Work request:
Using the entries that follow, write out the line containing "มอเตอร์โชว์ ครั้งที่ 45", the line containing "DJI Kod Care", and every line between them, exactly and nothing else.

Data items
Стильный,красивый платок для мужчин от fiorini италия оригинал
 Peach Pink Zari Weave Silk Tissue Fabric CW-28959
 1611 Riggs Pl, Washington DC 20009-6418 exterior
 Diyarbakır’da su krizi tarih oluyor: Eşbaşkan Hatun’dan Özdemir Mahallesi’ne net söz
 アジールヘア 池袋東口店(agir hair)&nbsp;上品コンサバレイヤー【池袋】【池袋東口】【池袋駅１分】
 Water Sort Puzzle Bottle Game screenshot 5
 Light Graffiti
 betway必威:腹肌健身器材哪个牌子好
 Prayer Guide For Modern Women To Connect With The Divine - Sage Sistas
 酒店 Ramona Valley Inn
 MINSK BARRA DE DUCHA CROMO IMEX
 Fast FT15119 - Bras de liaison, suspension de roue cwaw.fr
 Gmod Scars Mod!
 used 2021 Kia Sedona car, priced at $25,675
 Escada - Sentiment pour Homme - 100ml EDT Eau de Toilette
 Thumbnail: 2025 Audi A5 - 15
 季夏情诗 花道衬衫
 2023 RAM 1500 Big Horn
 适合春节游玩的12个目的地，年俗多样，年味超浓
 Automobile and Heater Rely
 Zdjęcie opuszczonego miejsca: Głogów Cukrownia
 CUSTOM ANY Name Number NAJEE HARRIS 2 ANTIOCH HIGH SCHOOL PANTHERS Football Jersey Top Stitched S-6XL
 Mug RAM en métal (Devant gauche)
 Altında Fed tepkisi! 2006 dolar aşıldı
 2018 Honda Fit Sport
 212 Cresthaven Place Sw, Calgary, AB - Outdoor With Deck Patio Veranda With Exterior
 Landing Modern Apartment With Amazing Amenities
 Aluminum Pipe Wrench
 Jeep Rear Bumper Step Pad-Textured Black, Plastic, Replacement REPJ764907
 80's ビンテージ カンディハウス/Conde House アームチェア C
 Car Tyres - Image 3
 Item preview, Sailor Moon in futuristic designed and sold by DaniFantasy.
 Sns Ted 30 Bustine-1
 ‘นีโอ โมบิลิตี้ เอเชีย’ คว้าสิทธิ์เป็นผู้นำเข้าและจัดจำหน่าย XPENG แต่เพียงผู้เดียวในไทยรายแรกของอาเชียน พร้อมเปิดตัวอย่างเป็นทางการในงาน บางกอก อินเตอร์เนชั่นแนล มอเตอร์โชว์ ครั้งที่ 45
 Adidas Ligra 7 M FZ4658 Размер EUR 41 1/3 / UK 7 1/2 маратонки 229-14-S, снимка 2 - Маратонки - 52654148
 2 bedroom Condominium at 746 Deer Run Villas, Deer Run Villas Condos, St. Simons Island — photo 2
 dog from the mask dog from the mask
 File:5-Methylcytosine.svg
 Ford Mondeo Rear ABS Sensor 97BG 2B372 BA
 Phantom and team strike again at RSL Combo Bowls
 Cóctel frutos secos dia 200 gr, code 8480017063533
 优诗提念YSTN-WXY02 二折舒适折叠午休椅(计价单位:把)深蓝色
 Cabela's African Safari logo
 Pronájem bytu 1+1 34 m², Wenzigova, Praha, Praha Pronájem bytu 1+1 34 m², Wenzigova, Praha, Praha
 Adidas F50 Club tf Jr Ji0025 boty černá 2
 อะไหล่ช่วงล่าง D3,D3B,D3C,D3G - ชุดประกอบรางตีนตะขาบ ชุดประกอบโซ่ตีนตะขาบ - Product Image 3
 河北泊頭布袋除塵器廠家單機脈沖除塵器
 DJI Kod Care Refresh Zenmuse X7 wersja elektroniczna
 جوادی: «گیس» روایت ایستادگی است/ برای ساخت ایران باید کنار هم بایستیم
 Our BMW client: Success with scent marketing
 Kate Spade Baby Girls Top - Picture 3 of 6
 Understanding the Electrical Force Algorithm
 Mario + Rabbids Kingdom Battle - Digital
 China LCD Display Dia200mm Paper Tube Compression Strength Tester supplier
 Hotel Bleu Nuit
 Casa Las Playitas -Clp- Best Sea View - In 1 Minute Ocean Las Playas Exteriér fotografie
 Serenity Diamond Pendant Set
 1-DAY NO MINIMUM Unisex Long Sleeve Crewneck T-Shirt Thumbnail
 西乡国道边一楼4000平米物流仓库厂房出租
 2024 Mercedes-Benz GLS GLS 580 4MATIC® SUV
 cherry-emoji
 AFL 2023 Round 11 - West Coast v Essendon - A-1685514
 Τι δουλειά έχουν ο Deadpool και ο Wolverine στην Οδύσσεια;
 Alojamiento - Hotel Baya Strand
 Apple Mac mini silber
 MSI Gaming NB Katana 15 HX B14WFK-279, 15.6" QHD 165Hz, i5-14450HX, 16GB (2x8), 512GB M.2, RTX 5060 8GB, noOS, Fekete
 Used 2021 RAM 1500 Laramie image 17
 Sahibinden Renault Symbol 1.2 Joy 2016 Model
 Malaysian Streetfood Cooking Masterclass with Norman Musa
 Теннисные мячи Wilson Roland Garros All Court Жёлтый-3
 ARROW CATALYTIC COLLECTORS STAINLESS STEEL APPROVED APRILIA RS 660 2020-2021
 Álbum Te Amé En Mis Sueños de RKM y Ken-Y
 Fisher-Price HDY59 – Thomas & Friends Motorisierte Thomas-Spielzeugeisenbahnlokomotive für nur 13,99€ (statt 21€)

Solution for this problem:
 ‘นีโอ โมบิลิตี้ เอเชีย’ คว้าสิทธิ์เป็นผู้นำเข้าและจัดจำหน่าย XPENG แต่เพียงผู้เดียวในไทยรายแรกของอาเชียน พร้อมเปิดตัวอย่างเป็นทางการในงาน บางกอก อินเตอร์เนชั่นแนล มอเตอร์โชว์ ครั้งที่ 45
 Adidas Ligra 7 M FZ4658 Размер EUR 41 1/3 / UK 7 1/2 маратонки 229-14-S, снимка 2 - Маратонки - 52654148
 2 bedroom Condominium at 746 Deer Run Villas, Deer Run Villas Condos, St. Simons Island — photo 2
 dog from the mask dog from the mask
 File:5-Methylcytosine.svg
 Ford Mondeo Rear ABS Sensor 97BG 2B372 BA
 Phantom and team strike again at RSL Combo Bowls
 Cóctel frutos secos dia 200 gr, code 8480017063533
 优诗提念YSTN-WXY02 二折舒适折叠午休椅(计价单位:把)深蓝色
 Cabela's African Safari logo
 Pronájem bytu 1+1 34 m², Wenzigova, Praha, Praha Pronájem bytu 1+1 34 m², Wenzigova, Praha, Praha
 Adidas F50 Club tf Jr Ji0025 boty černá 2
 อะไหล่ช่วงล่าง D3,D3B,D3C,D3G - ชุดประกอบรางตีนตะขาบ ชุดประกอบโซ่ตีนตะขาบ - Product Image 3
 河北泊頭布袋除塵器廠家單機脈沖除塵器
 DJI Kod Care Refresh Zenmuse X7 wersja elektroniczna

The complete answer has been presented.